As America prepares to witness the merger of the American Le Mans Series and Grand Am into the TUDOR United SportsCar Championship
, Ford is preparing its weapon of war: a new 3.5-liter EcoBoost V-6 racing engine for a Riley Technologies Daytona Prototype wearing new Ford bodywork, to be run by Michael Shank Racing.
That's a lot of names--and a lot of personalities--to deal with, but Ford appears to have kept the race car on-message. The EcoBoost engine, built by Roush Yates Racing Engines, promises competitive power and better gas mileage than the V-8s it will compete against next year.

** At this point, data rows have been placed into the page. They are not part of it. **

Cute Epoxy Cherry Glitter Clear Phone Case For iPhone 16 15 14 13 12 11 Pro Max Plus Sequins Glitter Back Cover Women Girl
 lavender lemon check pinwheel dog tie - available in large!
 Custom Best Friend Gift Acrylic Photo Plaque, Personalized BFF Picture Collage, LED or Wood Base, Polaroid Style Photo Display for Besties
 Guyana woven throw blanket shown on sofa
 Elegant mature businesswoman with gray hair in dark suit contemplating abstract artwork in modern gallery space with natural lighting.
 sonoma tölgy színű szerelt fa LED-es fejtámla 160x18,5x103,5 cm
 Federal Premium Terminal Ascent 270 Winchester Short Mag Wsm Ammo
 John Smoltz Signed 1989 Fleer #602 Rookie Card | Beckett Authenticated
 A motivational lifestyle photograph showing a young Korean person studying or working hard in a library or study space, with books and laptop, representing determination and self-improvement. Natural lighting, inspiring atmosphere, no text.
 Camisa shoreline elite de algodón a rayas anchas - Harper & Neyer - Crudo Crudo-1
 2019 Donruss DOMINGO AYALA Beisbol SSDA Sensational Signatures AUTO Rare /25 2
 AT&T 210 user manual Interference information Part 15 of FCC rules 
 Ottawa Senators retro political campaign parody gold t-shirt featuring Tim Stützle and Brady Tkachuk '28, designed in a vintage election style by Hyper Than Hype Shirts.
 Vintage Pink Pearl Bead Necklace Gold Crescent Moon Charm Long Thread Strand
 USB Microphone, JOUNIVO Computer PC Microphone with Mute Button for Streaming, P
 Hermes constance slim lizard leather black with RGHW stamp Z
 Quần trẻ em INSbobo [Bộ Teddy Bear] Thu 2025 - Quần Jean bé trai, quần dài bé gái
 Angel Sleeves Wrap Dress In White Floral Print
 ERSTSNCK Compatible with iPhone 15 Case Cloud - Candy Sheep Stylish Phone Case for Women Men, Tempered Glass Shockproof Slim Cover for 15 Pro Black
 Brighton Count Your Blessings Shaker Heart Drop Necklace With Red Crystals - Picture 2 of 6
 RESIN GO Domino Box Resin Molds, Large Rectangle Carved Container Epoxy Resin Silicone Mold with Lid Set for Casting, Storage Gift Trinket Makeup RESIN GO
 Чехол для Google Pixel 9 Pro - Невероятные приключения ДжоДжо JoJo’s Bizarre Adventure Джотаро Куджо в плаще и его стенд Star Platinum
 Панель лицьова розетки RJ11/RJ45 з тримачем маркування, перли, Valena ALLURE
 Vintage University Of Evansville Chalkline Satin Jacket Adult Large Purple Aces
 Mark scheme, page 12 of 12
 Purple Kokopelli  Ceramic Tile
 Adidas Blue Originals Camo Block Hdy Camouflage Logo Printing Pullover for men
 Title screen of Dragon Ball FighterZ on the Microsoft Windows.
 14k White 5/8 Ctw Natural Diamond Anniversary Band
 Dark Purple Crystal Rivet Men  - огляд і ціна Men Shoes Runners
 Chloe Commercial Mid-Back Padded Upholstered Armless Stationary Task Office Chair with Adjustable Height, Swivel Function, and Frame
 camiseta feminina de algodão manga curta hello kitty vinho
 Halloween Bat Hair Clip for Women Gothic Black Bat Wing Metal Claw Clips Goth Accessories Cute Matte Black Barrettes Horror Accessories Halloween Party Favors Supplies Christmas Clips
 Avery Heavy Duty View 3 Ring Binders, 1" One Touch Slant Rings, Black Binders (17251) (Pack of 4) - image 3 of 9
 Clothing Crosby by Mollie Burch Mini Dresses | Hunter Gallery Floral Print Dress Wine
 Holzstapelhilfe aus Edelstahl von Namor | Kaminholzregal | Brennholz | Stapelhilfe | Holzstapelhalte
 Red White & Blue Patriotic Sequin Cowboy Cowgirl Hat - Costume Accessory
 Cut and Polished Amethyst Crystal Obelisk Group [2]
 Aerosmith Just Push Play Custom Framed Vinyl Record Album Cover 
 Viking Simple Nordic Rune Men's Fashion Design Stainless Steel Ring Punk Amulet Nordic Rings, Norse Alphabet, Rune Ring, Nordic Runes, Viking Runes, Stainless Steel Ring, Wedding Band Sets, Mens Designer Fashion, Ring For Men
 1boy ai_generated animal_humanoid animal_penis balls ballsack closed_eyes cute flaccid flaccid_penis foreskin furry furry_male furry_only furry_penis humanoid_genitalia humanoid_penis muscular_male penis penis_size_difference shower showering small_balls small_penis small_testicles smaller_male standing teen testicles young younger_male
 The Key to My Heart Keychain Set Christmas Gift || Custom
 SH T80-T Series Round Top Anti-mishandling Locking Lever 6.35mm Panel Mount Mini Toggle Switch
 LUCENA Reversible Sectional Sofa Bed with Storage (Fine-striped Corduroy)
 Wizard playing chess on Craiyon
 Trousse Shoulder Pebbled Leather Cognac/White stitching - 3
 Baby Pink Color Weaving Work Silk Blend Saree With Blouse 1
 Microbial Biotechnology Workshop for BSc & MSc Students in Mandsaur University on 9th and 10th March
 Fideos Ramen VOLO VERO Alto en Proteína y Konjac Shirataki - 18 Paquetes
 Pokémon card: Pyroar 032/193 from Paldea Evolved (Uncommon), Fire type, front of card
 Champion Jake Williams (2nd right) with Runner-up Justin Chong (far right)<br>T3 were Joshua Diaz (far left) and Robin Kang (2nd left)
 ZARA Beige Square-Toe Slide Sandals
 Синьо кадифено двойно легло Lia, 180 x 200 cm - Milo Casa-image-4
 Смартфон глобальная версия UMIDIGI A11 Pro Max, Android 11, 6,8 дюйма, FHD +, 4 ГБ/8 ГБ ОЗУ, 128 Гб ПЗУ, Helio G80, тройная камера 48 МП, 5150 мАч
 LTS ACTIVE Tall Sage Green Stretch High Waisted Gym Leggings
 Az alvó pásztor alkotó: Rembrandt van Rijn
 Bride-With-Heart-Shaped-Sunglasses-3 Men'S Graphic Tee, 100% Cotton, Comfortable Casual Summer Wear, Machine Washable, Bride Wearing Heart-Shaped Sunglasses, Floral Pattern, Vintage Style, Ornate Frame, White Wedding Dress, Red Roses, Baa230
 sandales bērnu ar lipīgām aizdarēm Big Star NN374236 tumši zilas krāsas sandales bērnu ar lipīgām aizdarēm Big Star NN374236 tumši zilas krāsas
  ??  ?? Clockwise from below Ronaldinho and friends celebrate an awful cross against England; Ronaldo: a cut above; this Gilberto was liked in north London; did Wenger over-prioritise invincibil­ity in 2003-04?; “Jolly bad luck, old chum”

"This engine is the future," says Roush Yates Racing Engines CEO Doug Yates in a statement. "This Ford EcoBoost engine includes all the newest technologies – direct injection, turbocharging and high efficiency. We’re looking at taking it to the next level through this sports car racing program."
Ford is keeping mum on the specifications and capabilities of the new EcoBoost engine, likely for competitive reasons, but it thinks it will do well at its debut race--the notoriously challenging 2014 Rolex 24 at Daytona. Before it hits the track in anger, however, it will run exhibition laps at Daytona International Speedway on October 9, where it will attempt a record-run speed test with Colin Braun behind the wheel. The goal: to beat the 210.364-mph lap run by NASCAR champ Bill Elliot during qualifying for the 1987 Daytona 500.
The new Daytona Prototype will also wear fresh Ford production-inspired body work, in an attempt to better tie its road products to its race products.
"This EcoBoost-powered car is obviously adapted for racing applications with racing controls, but ultimately we’re running what we’re selling and selling what we’re running," said Jamie Allison, director of Ford Racing.